- From: Stephen D. Williams <sdw@lig.net>
- Date: Fri, 19 Nov 2004 18:32:20 -0500
- To: "Cutler, Roger (RogerCutler)" <RogerCutler@chevrontexaco.com>
- Cc: Mike Champion <mc@xegesis.org>, Silvia.De.Castro.Garcia@esa.int, public-xml-binary@w3.org
- Message-ID: <419E8284.6070108@lig.net>
One person's metadata is another person's data.
One person's obvious is another's revelation.
Logic is a system whereby one may go wrong with confidence.
I'll add to the possibly-obvious thread by rambling a bit on the
representation of structure, metadata, and data. Please correct any
mistakes you see:
A few abstract scenarios may cover the level of detail needed to specify
when deltas are appropriate:
* Intra-instance redundancy
o In the structure: In cases where there is a lot of
redundancy or verbosity in the structure, tokenization,
dictionaries, schema-based factoring, and deltas can make a
big difference.
o Obvious in the data: When there is a lot of redundancy in
the data but little structural overhead, tokenization and
schema-based factoring doesn't help much (although typed
binary data, especially range-restricted, might) while
dictionaries and delta coding can make a giant difference.
o Hidden in the data: When the structure isn't significantly
costly (i.e. few tags, large blocks of data) and the data is
too random to delta, neither will help. In this case you
need a better encoding of the scalar data.
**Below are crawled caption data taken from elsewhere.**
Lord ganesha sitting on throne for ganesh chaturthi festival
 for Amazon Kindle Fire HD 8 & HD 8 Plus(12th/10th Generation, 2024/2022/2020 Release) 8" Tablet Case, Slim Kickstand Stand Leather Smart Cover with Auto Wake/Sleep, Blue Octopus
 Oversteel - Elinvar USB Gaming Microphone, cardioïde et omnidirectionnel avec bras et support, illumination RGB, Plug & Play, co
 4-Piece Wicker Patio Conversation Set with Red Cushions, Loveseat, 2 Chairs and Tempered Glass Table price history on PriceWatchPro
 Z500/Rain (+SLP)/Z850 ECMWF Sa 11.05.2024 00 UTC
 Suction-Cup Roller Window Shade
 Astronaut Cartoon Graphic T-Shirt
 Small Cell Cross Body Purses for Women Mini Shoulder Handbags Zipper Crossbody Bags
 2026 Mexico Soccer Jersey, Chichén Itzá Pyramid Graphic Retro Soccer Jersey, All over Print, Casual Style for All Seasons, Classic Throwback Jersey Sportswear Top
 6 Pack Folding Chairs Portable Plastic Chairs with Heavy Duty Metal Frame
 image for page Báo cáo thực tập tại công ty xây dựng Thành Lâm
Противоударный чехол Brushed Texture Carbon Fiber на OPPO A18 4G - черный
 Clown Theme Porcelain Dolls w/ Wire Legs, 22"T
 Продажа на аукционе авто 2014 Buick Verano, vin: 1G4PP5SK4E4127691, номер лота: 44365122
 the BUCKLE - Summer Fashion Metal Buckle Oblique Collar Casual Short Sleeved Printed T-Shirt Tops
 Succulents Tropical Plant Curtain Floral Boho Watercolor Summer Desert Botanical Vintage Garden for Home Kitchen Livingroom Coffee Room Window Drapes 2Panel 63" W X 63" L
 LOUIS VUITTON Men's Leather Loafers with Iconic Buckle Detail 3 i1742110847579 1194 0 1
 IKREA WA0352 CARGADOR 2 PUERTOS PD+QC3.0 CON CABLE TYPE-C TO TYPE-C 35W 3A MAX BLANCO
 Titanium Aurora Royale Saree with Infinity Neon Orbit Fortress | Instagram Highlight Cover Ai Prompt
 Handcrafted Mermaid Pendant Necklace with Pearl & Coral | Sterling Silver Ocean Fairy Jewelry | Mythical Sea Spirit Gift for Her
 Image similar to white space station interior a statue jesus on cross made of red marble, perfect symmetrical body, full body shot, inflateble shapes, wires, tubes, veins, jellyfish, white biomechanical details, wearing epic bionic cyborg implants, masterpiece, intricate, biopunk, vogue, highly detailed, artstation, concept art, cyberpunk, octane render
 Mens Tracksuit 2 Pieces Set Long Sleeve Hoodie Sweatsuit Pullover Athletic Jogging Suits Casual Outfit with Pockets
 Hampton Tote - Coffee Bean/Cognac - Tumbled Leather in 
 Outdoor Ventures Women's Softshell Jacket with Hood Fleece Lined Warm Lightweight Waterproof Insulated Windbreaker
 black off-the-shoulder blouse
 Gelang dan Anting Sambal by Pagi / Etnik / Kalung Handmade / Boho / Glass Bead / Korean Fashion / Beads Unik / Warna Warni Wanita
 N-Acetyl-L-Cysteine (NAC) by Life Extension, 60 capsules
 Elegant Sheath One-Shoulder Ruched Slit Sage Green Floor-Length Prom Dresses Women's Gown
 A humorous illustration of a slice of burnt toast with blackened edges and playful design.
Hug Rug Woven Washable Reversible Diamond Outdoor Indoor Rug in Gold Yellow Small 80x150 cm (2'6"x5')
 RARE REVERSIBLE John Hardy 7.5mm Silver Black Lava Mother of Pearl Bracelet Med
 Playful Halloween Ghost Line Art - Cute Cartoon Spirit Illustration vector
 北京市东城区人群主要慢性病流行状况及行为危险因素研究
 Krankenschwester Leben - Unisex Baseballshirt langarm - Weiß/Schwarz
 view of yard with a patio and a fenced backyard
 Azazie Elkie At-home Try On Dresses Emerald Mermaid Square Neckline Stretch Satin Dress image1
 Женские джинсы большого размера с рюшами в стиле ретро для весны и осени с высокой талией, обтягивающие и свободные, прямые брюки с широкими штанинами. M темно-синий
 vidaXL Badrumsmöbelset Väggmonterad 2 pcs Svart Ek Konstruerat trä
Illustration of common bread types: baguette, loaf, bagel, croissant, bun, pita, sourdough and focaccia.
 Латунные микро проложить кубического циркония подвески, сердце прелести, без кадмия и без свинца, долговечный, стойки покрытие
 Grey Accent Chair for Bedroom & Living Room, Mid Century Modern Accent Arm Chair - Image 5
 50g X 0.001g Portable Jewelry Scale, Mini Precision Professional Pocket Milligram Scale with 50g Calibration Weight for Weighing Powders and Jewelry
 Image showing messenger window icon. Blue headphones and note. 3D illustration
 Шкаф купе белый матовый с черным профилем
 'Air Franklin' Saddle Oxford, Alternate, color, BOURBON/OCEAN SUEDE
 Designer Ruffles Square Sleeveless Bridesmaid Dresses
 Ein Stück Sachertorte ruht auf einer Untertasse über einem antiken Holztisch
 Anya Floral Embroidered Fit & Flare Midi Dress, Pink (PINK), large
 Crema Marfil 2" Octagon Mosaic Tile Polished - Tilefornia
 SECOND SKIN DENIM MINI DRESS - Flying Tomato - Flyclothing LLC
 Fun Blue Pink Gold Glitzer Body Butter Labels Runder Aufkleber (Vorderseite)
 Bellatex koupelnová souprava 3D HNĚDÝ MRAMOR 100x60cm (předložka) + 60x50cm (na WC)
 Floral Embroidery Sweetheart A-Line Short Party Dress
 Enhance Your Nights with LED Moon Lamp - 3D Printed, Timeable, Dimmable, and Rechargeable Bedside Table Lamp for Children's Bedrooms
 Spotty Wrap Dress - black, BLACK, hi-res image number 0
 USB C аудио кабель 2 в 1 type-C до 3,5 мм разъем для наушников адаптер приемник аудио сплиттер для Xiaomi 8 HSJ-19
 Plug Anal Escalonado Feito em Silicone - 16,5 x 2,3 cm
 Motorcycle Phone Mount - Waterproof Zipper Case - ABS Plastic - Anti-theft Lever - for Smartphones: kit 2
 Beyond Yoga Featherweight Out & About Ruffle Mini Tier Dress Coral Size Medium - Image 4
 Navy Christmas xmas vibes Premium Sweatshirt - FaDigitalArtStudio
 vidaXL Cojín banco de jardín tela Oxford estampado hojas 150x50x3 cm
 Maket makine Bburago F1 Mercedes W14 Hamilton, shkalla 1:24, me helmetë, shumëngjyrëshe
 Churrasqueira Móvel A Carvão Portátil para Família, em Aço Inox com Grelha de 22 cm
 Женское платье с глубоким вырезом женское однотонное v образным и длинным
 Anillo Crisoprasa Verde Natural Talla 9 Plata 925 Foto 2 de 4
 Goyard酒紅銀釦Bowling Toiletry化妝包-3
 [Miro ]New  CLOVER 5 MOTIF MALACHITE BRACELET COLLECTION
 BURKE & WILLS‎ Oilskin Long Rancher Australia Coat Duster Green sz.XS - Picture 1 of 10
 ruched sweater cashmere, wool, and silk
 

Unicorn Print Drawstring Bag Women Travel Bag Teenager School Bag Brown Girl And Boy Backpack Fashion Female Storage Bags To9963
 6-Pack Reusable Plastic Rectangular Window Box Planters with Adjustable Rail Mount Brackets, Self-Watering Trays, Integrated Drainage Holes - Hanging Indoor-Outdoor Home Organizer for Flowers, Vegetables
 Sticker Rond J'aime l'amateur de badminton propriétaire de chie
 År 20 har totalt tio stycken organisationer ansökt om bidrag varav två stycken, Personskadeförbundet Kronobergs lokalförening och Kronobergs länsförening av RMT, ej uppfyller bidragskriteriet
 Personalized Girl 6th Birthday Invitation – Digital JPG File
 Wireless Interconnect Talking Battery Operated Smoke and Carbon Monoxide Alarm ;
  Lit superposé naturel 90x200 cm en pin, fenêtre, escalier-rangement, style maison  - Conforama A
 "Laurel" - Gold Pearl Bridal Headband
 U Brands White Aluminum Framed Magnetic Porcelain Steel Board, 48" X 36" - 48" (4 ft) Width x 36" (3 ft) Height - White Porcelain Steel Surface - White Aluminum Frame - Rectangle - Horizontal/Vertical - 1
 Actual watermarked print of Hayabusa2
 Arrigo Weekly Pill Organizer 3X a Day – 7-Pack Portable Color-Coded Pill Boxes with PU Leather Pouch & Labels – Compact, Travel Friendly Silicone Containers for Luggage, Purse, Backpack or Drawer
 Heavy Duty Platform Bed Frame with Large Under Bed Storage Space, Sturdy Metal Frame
* Inter-instance redundancy
o Pure schema-based factoring does not take advantage of
inter-instance redundancy. The only redundancy that can be
removed is the 'compile-time' redundancy which is pretty
much limited to redundancy in representing the structure.
Only fixed redundancy in data can be removed, such as a
restricted range: "integers between 0-120".
o Delta encoding could remove a wide variety of redundancy in
both structure and data in a very flexible way.
o Inter-instance redundancy that is at a complex level, such
as the difference between two frames of video, should not be
solved by a general data format.
o Deltas are appropriate any time that a parent
document/object could be available and where changes in a
format are represented by one or more linear ranges of
bytes, bits, or similar that are deleted, appended,
inserted, or replaced.
("Tokenization" is the representation of structure as efficient tokens,
probably with length indication. "Dictionaries" are tables of names or
values that can be represented by multiple instances of a dictionary ID
reference. "Schema-based factoring" means using a schema specification
to encode data without completely explicit structure+naming and/or with
knowledge of metadata of types that supports more efficient encoding.)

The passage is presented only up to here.